Monomaniac obsession with purging the legacy of Brussels bureaucracy threatens to suffocate growth more than the regulation itself, much of which existed to harmonise rules so British goods could flow unimpeded around the continent. Replacing EU standards with British ones is neither a domestic liberation nor much of a magnet for international investment, since anyone trading in both jurisdictions would have to comply with both sets of rules. It hardly matters if the UK regime is notionally more competitive (or just plain lax). There is no escaping the gravitational field of the single market.
The prime minister’s pragmatic side might prompt him to postpone lighting the bonfire of red tape. But he dare not douse the dream.
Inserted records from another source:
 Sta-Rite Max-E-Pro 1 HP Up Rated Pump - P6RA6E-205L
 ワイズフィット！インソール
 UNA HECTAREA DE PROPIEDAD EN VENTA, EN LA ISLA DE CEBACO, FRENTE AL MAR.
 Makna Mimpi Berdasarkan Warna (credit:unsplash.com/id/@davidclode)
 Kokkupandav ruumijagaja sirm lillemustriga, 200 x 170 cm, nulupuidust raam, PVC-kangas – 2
It is what keeps the Brexit believers warm in delusion when cold economic winds blow ever harder in their faces. That is more comfort than the rest of us have.
Nothing remains of the Brexit case that Sunak himself once made. He claims to believe still, although his tone sounds more pleading than passionate – an affirmation of faith by someone who cannot ignore evidence; a leader divorced from any good policy options, trying not to be a total stranger to reality while living apart from the facts.